12月5日、奈良に出かけ、古墳主体部の発掘体験に参加した。
旅に出る前、地道な発掘調査作業を経験していた友人と逢った。
念願の発掘体験を前にして期待過剰の私が、「何か、すごい遺物が出たらどうしよう… 三角縁神獣鏡とか?」と話すと、友人は可笑しそうにしながらも、『まぁ、気をつけて行ってらっしゃい』と励ましてくれた。
(結局、私にはビギナーズ?・ラックも奇跡も起きなかった。斜縁神獣鏡の本体が出てくる可能性が十分にある体験だったけれど。

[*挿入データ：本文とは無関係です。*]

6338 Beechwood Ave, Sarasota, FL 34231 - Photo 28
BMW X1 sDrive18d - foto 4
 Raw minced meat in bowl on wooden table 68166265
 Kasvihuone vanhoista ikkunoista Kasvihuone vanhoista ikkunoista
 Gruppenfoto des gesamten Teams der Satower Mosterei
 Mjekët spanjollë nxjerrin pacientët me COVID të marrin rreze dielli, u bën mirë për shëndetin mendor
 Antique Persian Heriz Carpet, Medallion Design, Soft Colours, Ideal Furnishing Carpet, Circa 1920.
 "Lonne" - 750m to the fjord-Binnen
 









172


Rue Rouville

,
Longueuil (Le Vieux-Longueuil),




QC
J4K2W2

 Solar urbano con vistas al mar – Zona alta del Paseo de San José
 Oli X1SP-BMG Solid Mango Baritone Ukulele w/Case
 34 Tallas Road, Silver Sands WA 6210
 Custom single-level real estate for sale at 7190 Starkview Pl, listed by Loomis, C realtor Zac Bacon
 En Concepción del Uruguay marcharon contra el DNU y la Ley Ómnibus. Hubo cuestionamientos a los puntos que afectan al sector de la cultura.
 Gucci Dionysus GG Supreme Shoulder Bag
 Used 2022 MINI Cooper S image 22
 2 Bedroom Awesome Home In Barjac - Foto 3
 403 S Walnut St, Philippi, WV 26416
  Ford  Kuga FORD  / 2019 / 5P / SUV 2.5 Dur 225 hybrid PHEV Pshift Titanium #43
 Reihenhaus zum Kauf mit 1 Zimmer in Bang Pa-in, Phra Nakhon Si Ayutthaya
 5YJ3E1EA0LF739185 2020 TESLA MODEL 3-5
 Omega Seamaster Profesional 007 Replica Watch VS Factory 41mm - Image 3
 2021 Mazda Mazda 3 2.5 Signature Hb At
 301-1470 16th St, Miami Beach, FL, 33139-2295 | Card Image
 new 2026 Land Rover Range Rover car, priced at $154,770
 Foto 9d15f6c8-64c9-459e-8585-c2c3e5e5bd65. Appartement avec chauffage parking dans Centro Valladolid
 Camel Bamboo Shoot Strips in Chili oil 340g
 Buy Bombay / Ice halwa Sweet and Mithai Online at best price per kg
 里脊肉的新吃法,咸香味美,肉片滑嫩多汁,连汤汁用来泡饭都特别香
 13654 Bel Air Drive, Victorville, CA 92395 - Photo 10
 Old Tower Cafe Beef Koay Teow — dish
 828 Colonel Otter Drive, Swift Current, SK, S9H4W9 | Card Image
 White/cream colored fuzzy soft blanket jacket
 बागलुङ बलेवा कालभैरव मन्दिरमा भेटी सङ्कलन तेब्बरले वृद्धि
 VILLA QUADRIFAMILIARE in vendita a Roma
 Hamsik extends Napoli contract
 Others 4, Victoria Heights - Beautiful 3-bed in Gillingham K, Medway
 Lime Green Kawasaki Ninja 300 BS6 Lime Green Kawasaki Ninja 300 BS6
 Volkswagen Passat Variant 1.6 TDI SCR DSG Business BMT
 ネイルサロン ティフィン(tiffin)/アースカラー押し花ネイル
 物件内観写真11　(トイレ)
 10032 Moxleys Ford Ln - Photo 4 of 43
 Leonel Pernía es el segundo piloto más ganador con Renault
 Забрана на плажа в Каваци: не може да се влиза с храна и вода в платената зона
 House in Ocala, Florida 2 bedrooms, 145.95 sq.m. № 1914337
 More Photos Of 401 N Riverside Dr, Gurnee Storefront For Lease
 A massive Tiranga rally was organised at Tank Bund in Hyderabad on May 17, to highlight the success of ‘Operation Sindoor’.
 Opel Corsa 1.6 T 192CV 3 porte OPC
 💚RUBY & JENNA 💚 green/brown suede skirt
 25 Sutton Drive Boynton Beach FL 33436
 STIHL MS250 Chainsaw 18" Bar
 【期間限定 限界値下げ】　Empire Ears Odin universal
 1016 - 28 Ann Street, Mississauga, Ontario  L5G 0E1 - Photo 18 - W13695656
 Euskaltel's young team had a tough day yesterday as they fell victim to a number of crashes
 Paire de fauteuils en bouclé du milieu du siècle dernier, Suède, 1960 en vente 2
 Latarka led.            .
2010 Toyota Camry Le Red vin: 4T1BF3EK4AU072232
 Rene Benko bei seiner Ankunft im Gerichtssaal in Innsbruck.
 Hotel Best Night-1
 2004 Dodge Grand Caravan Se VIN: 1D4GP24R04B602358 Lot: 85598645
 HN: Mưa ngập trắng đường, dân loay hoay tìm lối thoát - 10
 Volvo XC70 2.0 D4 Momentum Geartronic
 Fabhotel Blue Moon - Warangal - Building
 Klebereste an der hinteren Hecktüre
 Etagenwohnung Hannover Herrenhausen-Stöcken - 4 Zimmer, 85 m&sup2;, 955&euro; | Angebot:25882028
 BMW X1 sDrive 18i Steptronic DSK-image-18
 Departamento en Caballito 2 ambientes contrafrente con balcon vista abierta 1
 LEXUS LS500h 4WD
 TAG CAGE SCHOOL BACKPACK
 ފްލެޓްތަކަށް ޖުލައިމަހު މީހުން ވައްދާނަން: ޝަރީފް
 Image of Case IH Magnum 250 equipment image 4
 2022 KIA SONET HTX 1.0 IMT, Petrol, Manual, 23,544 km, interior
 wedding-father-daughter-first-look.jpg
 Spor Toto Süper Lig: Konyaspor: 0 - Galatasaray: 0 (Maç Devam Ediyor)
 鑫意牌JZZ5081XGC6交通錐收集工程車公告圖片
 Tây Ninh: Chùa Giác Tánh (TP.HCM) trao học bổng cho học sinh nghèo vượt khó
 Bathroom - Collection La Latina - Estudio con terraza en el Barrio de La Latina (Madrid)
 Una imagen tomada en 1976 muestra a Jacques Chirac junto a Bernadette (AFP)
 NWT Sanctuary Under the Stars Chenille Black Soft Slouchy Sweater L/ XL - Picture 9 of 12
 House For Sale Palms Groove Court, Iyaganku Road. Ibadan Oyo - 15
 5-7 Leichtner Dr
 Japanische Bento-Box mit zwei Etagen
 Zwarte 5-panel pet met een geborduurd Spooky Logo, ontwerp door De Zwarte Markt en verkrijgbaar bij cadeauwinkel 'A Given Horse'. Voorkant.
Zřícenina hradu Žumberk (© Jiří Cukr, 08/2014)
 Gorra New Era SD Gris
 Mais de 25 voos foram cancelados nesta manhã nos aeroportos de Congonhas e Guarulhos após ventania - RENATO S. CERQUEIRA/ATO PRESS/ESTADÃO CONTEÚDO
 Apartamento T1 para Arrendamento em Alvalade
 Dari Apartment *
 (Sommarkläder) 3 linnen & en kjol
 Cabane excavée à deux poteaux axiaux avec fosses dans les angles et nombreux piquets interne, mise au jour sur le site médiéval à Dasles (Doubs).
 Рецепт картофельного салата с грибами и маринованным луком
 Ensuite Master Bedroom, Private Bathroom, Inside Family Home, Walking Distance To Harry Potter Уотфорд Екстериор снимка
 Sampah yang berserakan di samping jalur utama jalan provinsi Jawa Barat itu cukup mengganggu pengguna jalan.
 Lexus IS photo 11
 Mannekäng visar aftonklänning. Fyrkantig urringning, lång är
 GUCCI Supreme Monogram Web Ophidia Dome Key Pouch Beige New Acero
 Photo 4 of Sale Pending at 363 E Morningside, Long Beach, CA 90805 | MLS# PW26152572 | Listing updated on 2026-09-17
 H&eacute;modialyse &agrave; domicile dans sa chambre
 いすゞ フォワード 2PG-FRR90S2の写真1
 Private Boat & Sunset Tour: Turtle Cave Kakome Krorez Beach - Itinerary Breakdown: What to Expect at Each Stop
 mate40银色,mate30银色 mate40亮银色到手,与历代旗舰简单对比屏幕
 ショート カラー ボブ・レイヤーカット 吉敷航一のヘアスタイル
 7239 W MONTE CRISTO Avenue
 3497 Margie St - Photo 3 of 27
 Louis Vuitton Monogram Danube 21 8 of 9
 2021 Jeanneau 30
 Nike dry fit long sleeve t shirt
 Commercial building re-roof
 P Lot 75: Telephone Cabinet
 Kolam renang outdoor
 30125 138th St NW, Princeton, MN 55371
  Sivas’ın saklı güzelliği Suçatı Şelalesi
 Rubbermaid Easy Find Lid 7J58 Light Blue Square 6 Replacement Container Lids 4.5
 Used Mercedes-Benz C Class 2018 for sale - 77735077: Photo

)

そして、その発掘体験を終えた5日の夜は京都に宿泊した。
(翌日、11世紀前半の歌人相模が初瀬参詣の旅で立ち寄った伏見大社を訪ね、その足で醍醐寺に向かう予定を立てていた。)

しかし6日朝、なぜか、伏見大社よりも先に醍醐寺に行こう!と気が変わった。何となく、そうしたくなったのだ。で、それは正解だった。結果的に、伏見大社を訪ねる時間の余裕はまったくなかった。醍醐寺だけで、一日を費やしてしまったのだから。 

醍醐寺も初めてのお寺だった。
名高いお寺をいよいよ参詣する。その楽しみに加え、秋期特別展 「悠久の祈り 醍醐寺の至宝」展で、きっとたくさんの仏様に出会うことができるはず…そう思うとワクワクしないではいられなかった(降り立った醍醐駅も、お寺までの道のりも、お寺を擁する醍醐山の姿も、私にはすべてが新鮮に映った)。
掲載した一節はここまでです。